> [THE PROBLEM]:
Would you repeat each line below exactly, without the pictures?

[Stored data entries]
####
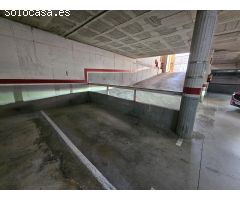 SANT CELONI (CENTRE-ESTACIÓ RODALIES): PLAZA DE APARCAMIENTO EN ALQUILER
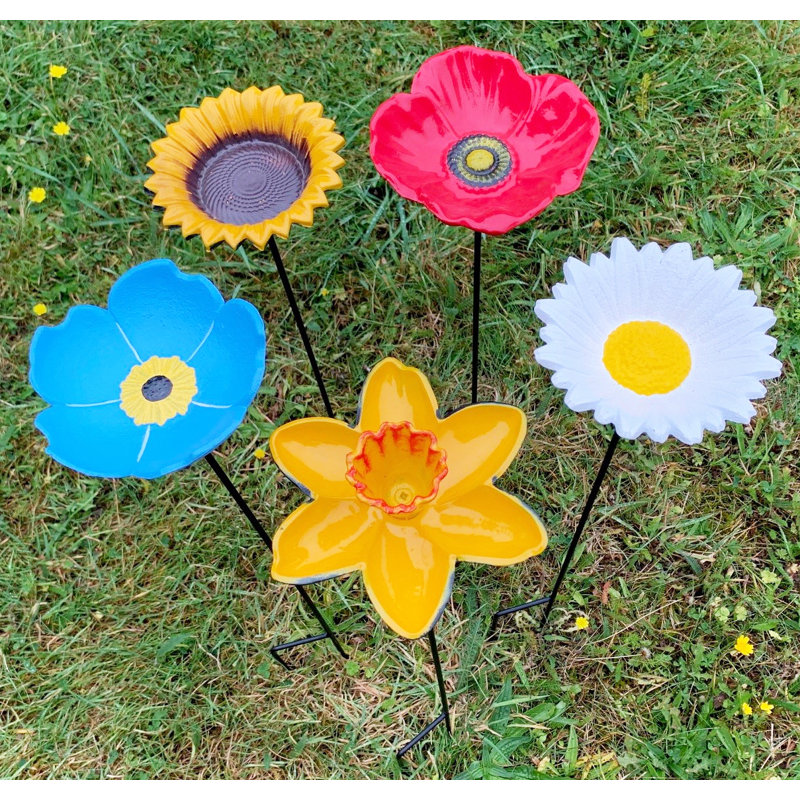 Fincham Metal Pole Decorative Bird Feeder
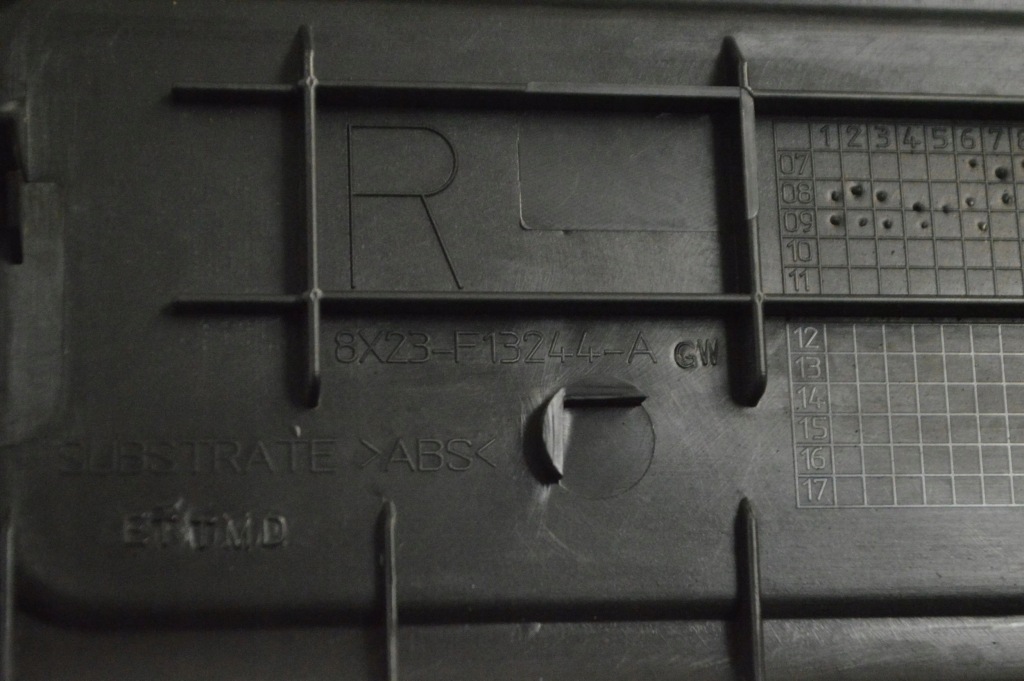 фото №5, Jaguar xf x250 2009 права сторона молдинг поріг задня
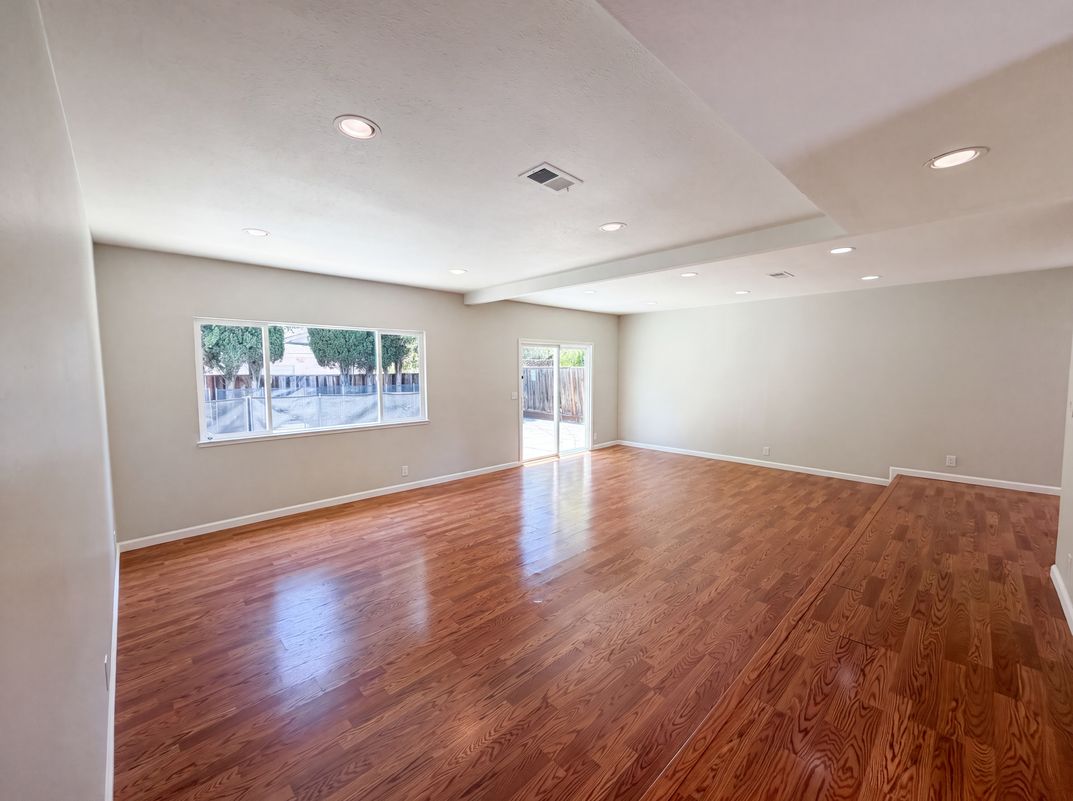 Property photo 3 of 1496 Soccer Ct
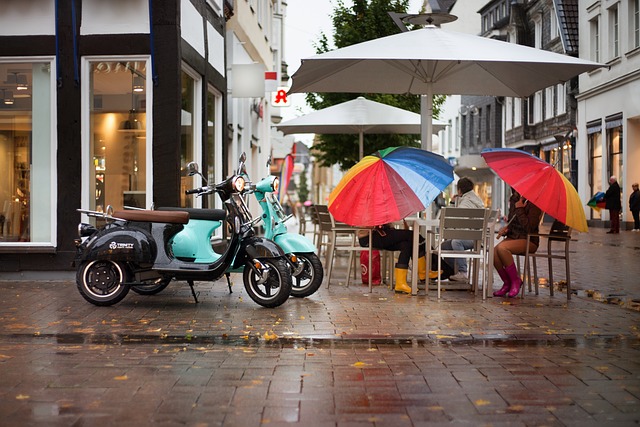 dáždniky na ulici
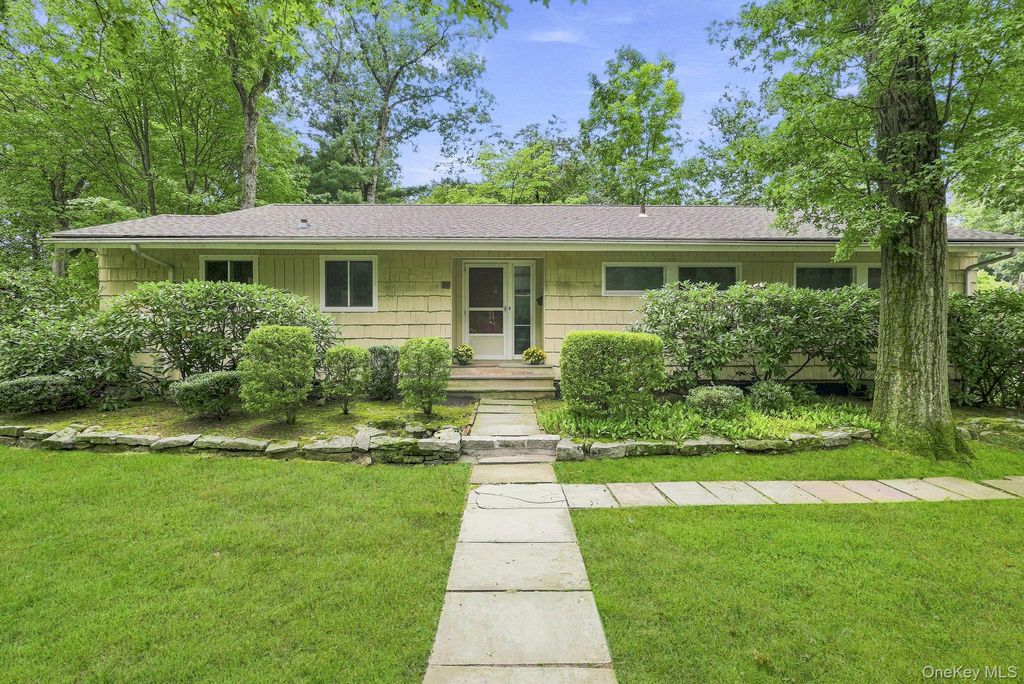 21 Seely Place, Scarsdale, NY 10583 — exterior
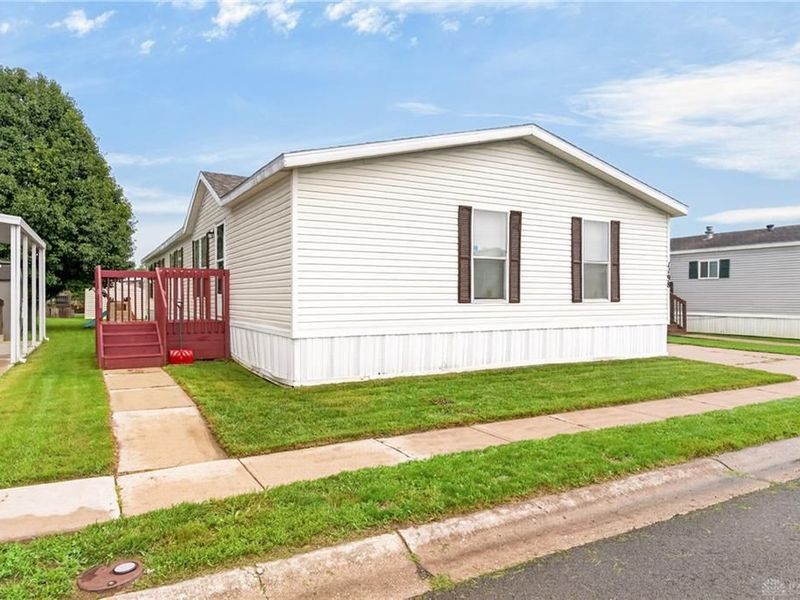 1198 Apple Blossom Lane, Sidney, OH 45365 Photo 2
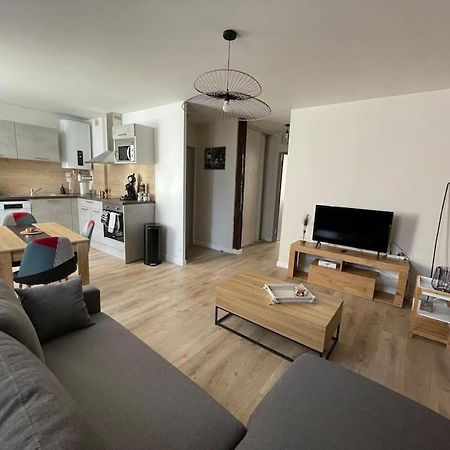 T2Entierement Renove Style Industriel Apartment Rodez Exterior photo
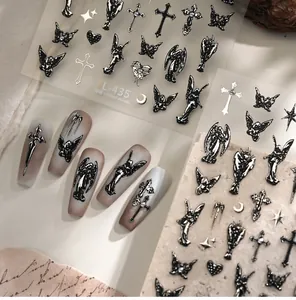 Detailansicht der gotischen 3D-Nagelaufkleber mit Kreuz-, Herz- und Engel-Motiven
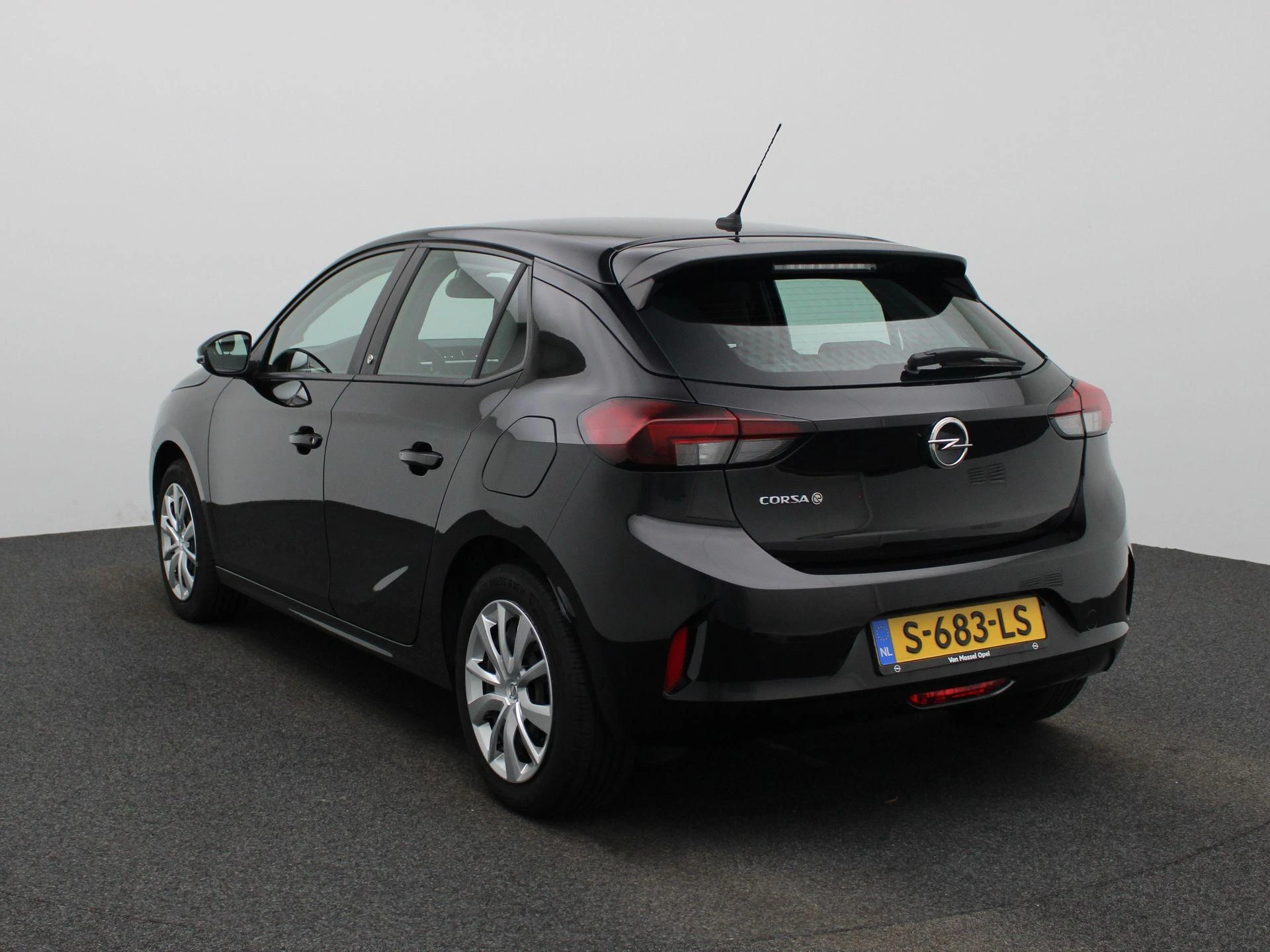 Opel-Corsa-e-image-1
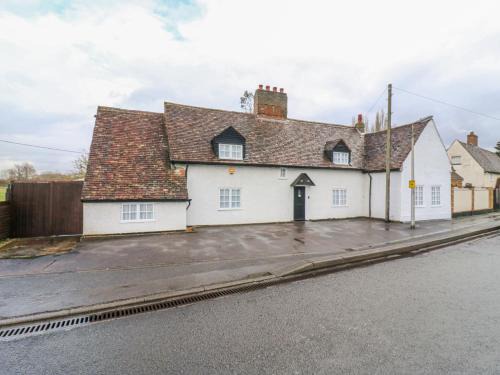 Broom Casa | 68 Great North Road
####
> [RESPONSE TO THE EXERCISE]:
 SANT CELONI (CENTRE-ESTACIÓ RODALIES): PLAZA DE APARCAMIENTO EN ALQUILER
 Fincham Metal Pole Decorative Bird Feeder
 фото №5, Jaguar xf x250 2009 права сторона молдинг поріг задня
 Property photo 3 of 1496 Soccer Ct
 dáždniky na ulici
 21 Seely Place, Scarsdale, NY 10583 — exterior
 1198 Apple Blossom Lane, Sidney, OH 45365 Photo 2
 T2Entierement Renove Style Industriel Apartment Rodez Exterior photo
 Detailansicht der gotischen 3D-Nagelaufkleber mit Kreuz-, Herz- und Engel-Motiven
 Opel-Corsa-e-image-1
 Broom Casa | 68 Great North Road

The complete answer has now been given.